IV       Sept. 19th        Workshop: poem engaged in the act of looking; the social facts around the act of looking, art as access to transcendence, or the painting as entry into history.

 

V         Sept. 26th        20th century: poems by Williams, Auden, Moore, Bishop, et. al.

 

VI       Oct. 2nd           Workshop: poem as art criticism or criticism or statement of poetics, the poetry of the museum. Exercise in invented art gallery–bring some object.

 

VII      Oct. 10th         Paz (book), Bishop (posted), Giscombe excerpt (posted)

 

VIII     Oct. 17th         Poem engaged in visual depiction of time or space: calendar, blue print, diagram, map, a molecular diagram, the periodic table, etc.

 

IX       Oct. 24th         Ashbery, Girls on the Run (book) and “Self Portrait in a Convex Mirror” (posted). Possible field trip to Roger Brown house if there is interest.

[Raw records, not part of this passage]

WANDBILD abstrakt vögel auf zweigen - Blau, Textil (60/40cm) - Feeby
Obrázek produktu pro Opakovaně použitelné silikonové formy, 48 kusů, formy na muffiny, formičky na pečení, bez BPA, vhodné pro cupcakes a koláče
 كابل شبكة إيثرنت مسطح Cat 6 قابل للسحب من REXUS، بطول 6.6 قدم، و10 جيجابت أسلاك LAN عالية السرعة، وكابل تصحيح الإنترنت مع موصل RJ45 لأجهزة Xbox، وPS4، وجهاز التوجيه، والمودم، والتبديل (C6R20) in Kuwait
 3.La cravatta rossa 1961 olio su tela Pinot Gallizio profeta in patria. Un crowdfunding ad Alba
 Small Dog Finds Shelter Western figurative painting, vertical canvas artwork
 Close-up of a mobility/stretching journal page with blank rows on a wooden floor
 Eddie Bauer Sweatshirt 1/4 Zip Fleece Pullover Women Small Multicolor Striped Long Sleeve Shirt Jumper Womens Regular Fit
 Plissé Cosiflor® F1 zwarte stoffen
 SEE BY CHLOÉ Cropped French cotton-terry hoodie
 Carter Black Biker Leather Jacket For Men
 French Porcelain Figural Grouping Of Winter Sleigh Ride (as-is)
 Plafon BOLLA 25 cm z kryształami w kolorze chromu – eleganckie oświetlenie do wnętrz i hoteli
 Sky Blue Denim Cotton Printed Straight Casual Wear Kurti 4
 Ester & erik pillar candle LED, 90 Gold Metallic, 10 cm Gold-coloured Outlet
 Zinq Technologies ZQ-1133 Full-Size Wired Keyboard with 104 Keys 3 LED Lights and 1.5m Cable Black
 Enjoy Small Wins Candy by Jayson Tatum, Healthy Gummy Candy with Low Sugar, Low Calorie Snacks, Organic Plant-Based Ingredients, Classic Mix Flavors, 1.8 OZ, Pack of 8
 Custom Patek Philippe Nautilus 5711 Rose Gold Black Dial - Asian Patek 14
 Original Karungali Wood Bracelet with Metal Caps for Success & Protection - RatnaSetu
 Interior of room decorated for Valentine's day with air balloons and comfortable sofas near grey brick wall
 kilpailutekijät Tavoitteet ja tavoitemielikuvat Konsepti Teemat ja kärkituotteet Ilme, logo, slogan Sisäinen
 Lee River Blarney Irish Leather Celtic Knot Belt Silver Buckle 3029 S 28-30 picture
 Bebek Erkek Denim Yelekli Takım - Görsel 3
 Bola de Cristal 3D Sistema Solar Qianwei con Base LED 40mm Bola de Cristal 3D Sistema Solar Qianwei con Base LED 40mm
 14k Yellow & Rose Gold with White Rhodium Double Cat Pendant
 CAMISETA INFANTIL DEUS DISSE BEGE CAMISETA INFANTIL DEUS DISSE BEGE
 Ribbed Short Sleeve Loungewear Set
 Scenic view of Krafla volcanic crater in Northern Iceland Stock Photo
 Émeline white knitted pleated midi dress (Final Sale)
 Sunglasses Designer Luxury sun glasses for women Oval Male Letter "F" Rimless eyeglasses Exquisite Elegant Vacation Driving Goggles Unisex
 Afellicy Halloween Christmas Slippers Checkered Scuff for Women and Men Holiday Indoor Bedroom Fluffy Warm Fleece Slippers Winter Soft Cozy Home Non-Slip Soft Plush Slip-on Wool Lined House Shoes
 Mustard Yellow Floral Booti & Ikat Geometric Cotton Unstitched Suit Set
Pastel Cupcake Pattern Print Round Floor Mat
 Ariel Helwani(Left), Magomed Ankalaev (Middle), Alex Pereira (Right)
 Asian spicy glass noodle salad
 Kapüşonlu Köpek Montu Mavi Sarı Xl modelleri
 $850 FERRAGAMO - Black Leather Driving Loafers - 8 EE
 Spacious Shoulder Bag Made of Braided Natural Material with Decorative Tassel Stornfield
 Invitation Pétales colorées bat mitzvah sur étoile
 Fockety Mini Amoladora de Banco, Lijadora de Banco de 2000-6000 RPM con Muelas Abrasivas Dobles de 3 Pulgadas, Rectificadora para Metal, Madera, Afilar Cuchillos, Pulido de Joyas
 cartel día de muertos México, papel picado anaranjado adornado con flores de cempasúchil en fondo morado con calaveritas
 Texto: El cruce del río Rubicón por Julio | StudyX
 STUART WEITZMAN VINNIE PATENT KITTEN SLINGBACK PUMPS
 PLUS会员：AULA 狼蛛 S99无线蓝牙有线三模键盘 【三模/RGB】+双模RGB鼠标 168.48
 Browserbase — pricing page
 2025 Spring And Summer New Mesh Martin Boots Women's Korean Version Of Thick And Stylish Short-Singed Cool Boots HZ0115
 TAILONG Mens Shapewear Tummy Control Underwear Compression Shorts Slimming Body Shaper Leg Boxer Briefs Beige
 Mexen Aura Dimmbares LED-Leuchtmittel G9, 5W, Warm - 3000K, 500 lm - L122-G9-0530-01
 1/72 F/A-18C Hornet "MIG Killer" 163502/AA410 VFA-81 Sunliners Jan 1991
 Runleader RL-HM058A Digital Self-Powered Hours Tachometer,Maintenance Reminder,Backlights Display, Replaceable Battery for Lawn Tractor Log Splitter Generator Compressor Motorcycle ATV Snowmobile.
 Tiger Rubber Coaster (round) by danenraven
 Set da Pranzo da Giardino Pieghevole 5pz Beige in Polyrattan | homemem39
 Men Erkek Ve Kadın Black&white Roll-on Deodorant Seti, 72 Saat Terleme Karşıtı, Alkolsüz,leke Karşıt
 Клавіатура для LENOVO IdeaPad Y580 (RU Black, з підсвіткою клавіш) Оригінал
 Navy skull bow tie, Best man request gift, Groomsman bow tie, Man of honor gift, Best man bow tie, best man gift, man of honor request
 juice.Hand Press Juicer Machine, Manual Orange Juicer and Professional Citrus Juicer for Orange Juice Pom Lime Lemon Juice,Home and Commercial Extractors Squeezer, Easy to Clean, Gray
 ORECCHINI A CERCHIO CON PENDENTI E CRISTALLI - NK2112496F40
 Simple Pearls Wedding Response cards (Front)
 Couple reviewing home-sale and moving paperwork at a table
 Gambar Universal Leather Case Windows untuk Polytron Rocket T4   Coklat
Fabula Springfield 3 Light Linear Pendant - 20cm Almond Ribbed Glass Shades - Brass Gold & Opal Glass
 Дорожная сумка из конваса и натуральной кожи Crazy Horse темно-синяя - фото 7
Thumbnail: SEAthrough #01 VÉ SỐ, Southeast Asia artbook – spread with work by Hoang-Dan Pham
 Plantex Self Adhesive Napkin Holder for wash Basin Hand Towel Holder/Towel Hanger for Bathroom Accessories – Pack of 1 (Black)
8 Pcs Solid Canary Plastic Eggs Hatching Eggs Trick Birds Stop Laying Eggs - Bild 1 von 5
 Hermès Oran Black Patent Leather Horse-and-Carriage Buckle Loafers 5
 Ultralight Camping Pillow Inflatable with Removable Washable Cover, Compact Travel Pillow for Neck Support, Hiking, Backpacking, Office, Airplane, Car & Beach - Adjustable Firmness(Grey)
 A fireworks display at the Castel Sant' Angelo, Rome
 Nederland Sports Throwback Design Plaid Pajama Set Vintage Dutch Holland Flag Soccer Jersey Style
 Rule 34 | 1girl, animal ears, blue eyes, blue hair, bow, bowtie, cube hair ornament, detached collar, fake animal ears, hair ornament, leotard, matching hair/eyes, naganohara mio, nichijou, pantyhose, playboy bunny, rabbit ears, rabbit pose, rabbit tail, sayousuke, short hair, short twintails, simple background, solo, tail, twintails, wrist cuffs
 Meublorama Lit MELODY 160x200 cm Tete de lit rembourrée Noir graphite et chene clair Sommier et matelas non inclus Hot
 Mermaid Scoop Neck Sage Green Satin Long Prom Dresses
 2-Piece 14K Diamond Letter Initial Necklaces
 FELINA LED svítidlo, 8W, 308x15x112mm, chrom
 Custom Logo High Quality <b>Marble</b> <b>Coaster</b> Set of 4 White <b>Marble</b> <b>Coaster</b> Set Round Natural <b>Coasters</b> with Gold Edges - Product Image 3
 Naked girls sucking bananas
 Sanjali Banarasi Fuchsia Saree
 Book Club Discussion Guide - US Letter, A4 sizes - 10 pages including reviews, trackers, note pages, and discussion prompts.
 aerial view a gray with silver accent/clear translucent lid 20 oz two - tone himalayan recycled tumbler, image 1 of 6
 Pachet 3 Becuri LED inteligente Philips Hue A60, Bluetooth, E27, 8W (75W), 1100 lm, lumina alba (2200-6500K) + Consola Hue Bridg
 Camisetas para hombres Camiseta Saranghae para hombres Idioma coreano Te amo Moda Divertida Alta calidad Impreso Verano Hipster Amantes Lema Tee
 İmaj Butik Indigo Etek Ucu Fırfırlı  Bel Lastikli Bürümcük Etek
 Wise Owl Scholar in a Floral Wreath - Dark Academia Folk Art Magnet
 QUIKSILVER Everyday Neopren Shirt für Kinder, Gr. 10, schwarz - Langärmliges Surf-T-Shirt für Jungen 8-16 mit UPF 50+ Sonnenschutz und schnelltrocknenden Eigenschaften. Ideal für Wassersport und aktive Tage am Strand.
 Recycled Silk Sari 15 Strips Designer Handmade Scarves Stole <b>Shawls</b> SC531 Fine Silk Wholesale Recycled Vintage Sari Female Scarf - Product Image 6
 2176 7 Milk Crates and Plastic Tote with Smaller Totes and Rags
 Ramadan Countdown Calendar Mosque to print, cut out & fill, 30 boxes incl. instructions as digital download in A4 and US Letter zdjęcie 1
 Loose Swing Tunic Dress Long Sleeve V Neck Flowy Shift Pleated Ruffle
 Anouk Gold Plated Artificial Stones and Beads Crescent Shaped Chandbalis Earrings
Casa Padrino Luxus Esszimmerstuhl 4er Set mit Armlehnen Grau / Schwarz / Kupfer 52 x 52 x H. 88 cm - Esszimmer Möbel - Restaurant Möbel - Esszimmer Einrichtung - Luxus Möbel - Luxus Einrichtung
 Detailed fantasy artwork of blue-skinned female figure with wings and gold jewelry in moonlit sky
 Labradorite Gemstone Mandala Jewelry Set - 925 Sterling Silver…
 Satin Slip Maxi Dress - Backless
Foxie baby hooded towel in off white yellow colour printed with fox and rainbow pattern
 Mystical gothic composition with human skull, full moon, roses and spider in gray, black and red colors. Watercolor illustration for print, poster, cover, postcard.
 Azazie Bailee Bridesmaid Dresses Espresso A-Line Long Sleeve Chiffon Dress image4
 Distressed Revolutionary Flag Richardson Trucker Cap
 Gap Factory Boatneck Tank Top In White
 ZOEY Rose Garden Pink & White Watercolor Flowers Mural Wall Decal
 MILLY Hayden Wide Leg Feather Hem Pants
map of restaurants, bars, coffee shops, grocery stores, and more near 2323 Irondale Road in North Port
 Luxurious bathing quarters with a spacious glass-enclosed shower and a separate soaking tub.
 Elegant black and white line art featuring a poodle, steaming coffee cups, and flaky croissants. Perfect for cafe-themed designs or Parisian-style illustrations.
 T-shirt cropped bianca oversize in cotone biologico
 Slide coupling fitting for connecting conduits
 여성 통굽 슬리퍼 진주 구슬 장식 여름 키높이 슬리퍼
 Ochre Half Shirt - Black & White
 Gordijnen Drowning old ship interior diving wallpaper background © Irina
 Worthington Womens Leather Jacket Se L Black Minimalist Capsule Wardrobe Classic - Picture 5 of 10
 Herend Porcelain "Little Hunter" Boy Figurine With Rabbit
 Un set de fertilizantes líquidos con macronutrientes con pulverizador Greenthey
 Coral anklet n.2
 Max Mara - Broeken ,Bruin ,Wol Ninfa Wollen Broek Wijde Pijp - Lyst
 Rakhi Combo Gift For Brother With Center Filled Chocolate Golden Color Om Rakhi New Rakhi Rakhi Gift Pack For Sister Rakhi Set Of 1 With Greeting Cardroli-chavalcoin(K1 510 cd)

LAST DAY TO WITHDRAW WITH A “W”

 

X         Oct. 31st          Workshop: Chose a work of art that demands a poem in a newly constructed language: an invented vocabulary, a new syntax, an invented system of verb tenses, etc., and write the poem about it accordingly. Exercise in visual translation using Kandinsky’s “Graceful Ascent”, Klee’s “Tree Nursery”:


https://www.guggenheim.org/artwork/1959

            https://commons.wikimedia.org/wiki/File:Tree_Nursery,_Paul_Klee,_1929,_oil_on_incised_gesso_on_canvas_(detail)_-_Phillips_Collection_-_DSC04897.JPG

XI       Nov. 7th          Simic (book) and a few pieces from Convergence of Birds (posted). Optional: Coover (book). Why do you think Cornell exerts such an extreme fascination over writers and poets? What about his work is especially evocative of poetry?

 

XII      Nov. 14th        Cornell poem: reading at museum. Exercise in combining poem and visual art.

 

XIII     Nov. 21st         Costello (book), optional: Davenport essay (posted).


THANKSGIVING


CRITIQUE WEEK

 

XIV    Dec. 12th         Poem as still life.